#### PROBLEM REQUIREMENTS
Gather every line below where "https" appears.

Data entries
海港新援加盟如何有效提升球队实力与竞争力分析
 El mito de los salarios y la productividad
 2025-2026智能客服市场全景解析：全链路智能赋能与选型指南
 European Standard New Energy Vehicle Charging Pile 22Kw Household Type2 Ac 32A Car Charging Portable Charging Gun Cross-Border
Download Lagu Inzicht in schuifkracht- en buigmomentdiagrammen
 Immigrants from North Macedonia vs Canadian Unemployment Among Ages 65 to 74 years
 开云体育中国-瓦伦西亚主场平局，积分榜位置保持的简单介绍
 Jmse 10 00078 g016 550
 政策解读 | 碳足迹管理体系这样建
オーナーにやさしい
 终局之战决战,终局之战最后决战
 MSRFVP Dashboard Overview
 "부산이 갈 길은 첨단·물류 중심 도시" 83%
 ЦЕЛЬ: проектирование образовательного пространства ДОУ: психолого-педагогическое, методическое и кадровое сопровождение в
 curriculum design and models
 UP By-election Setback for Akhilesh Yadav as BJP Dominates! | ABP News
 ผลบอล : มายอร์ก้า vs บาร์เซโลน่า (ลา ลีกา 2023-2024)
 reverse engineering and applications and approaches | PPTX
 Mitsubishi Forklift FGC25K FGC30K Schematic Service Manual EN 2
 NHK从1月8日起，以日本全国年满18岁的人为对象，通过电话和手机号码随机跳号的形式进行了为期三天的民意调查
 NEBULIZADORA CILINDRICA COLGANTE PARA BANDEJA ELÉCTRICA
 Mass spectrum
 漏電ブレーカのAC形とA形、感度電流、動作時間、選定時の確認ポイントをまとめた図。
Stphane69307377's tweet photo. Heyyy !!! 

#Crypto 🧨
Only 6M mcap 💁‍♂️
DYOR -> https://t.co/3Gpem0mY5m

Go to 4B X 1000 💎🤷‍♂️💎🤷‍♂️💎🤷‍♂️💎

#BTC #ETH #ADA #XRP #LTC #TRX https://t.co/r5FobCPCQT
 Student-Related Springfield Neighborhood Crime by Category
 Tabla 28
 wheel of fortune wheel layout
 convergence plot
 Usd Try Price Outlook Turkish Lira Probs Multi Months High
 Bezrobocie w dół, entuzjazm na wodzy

#### ANSWER FOR THE TASK
DYOR -> https://t.co/3Gpem0mY5m
#BTC #ETH #ADA #XRP #LTC #TRX https://t.co/r5FobCPCQT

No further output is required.